> _TASK REQUIREMENTS_: In the entries below, find the line with "Nike Crossback Sports Bra" and the line with "ドラゴンクエストメタリックモンスターズギャラリー"; copy them and every line between them exactly, but not the pictures.

> _GIVEN DATA_:
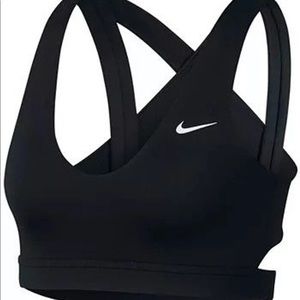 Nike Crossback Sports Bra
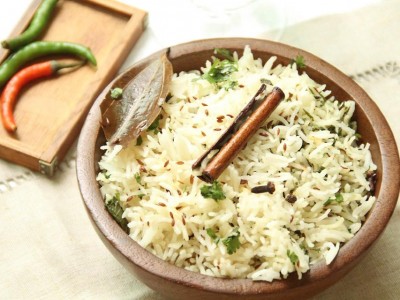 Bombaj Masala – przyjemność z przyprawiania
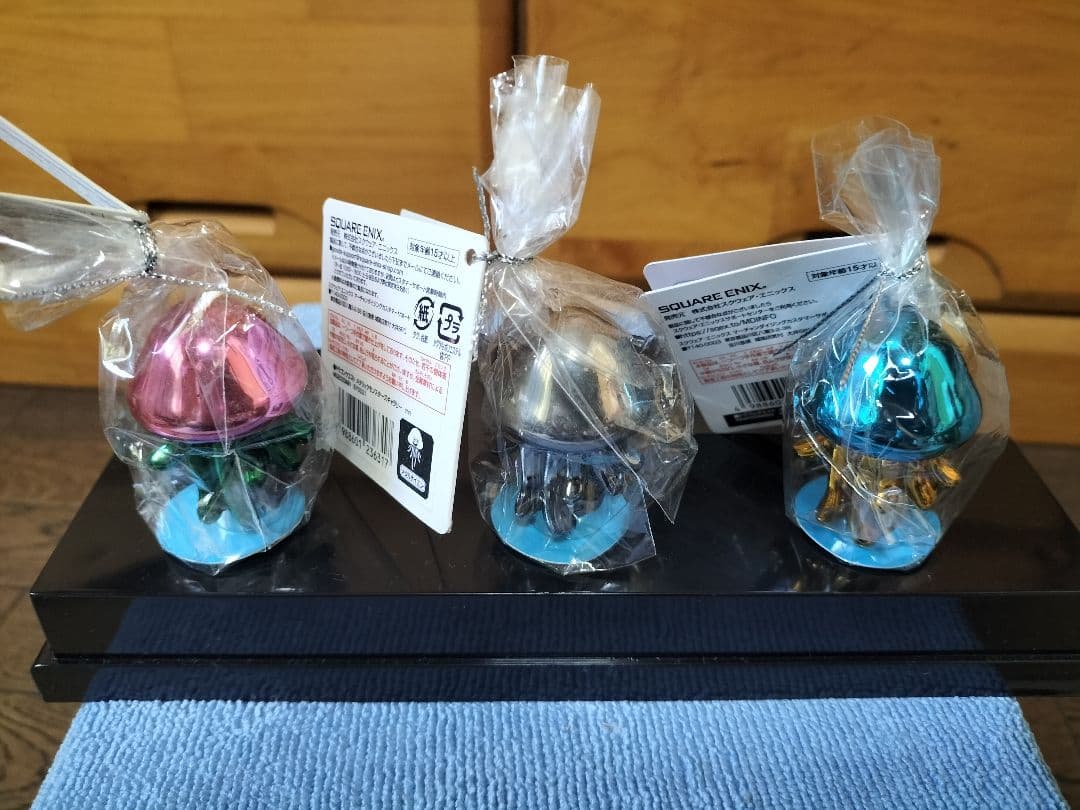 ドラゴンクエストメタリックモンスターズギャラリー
==
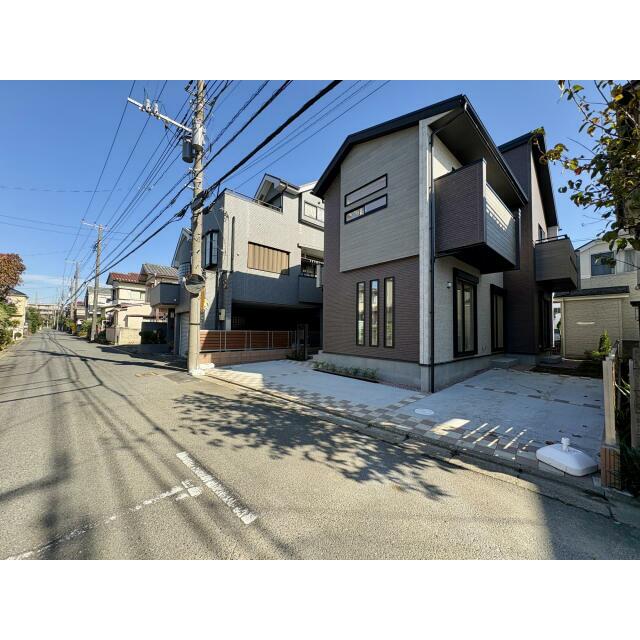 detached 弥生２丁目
* * *
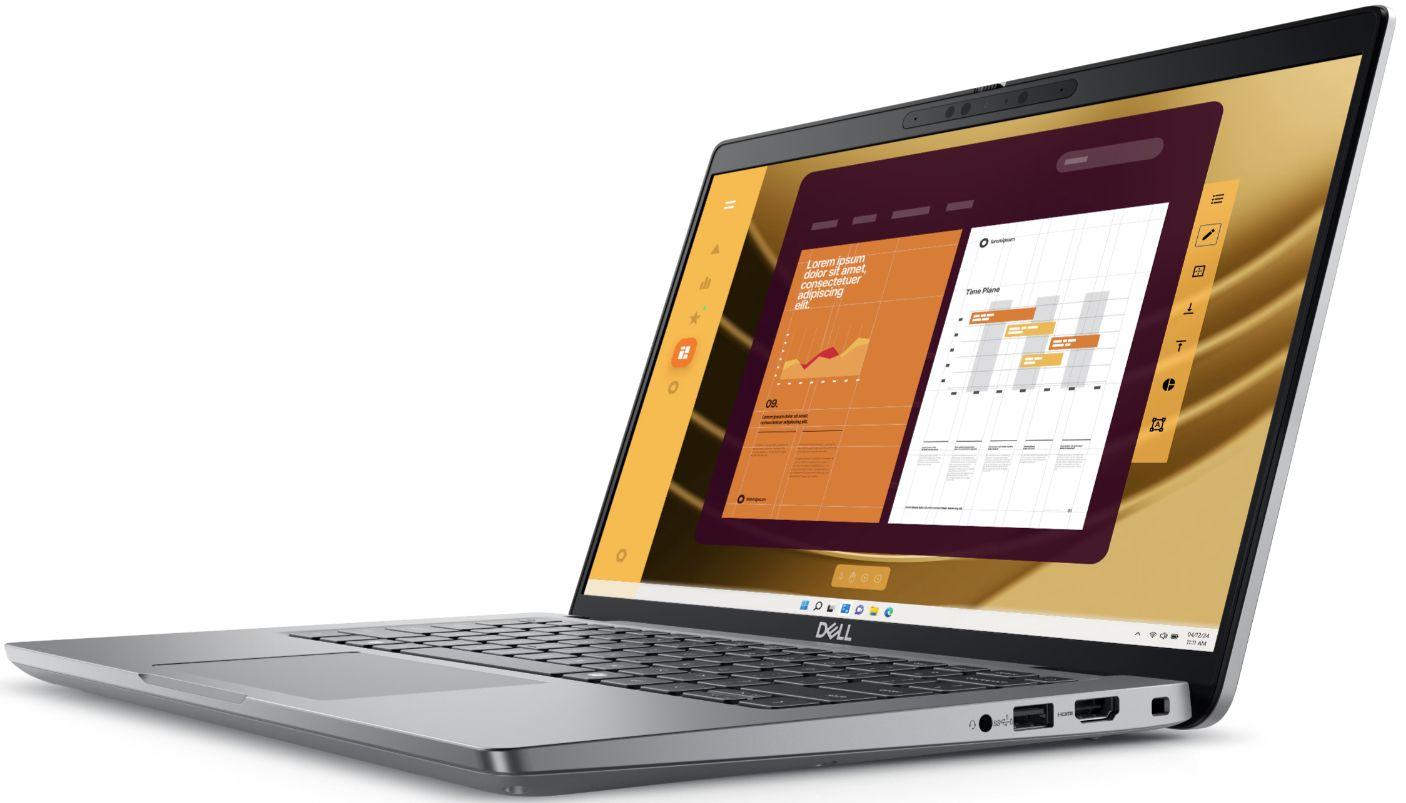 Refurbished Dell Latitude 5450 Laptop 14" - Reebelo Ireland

> _EXERCISE OUTPUT_:
 Nike Crossback Sports Bra
 Bombaj Masala – przyjemność z przyprawiania
 ドラゴンクエストメタリックモンスターズギャラリー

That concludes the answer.